[Start of section]

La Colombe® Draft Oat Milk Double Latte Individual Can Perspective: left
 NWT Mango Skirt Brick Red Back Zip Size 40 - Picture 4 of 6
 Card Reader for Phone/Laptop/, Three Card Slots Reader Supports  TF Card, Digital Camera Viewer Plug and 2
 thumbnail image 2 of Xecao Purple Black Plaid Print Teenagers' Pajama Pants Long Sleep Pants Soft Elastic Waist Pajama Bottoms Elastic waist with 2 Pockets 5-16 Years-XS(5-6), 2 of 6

[End of section]

Problem details:
Everything from the line containing "Card Reader for" through the final line above must be copied exactly, with both ends kept.

Task output:
 Card Reader for Phone/Laptop/, Three Card Slots Reader Supports  TF Card, Digital Camera Viewer Plug and 2
 thumbnail image 2 of Xecao Purple Black Plaid Print Teenagers' Pajama Pants Long Sleep Pants Soft Elastic Waist Pajama Bottoms Elastic waist with 2 Pockets 5-16 Years-XS(5-6), 2 of 6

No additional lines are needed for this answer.